Steven Fletcher is a great Scot in the making

by Mike Calvin avatar

According to his acolytes, Martin O’Neill is a proud Ulsterman who should be managing England, and as manager of Sunderland may well save Craig Levein’s job as Scotland manager. If you need to solve that UK conundrum, look no further than Steven Fletcher’s form for Sunderland.

There were plenty who doubted O’Neill’s determination to spend as much as it took to sign Fletcher from Wolves. Depending on whom you believe, Sunderland paid anything between £12m and £14m for a striker once fancifully linked with Real Madrid.

Since Fletcher has scored all Sunderland’s Premier League goals so far this season – five from a mere six shots on target in six matches – that may be viewed as prudent rather than “quite obscene”, which was Levein’s tart response to the deal.

Just in case you’ve been living in a cave in the Outer Hebrides, they fell out in February 2011, when Fletcher sent Levein a text message stating that he didn’t want to be considered for a game against Northern Ireland. It was handbags at dawn until each man realised they needed the other.

As far as the beleaguered Levein is concerned, Fletcher’s recall to his Scotland team, which once seemed as likely as a Rangers away win in the Scottish Third Division, comes just in time for the critical World Cup qualifiers against Wales and Belgium.

As far as Fletcher is concerned, his career needs the exposure provided by international football.
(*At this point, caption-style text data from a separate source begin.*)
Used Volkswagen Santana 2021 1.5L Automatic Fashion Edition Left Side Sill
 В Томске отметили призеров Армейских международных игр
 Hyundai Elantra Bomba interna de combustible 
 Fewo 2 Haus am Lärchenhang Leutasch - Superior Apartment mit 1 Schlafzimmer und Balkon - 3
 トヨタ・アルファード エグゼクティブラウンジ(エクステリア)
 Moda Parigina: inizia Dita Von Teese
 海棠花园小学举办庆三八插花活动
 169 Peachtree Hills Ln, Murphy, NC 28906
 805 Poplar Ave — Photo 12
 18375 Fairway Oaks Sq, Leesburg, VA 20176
For someone with such self-evident gifts, he has been strangely underrated and consistently unfashionable. He emerged at Hibernian, and was tainted by association with the relegation of Burnley and Wolves from the Premier League.

A blinkered minority mistakenly stereotype him as a throwback centre-forward who scores most of his goals with his head. Any dispassionate study of his contribution reveals a well-rounded, modern striker who has averaged throughout his career nearly a goal every two games in difficult circumstances.

Fletcher has the technique to control the ball under pressure, exceptional spacial awareness and has excelled at Sunderland despite inconsistent service. He shoots readily and accurately. Confidence is not an issue.

Will that be enough to save Scotland from ritual humiliation? Probably not. Should it prompt bigger clubs than Sunderland to monitor his progress? Most definitely. O’Neill knows, you know.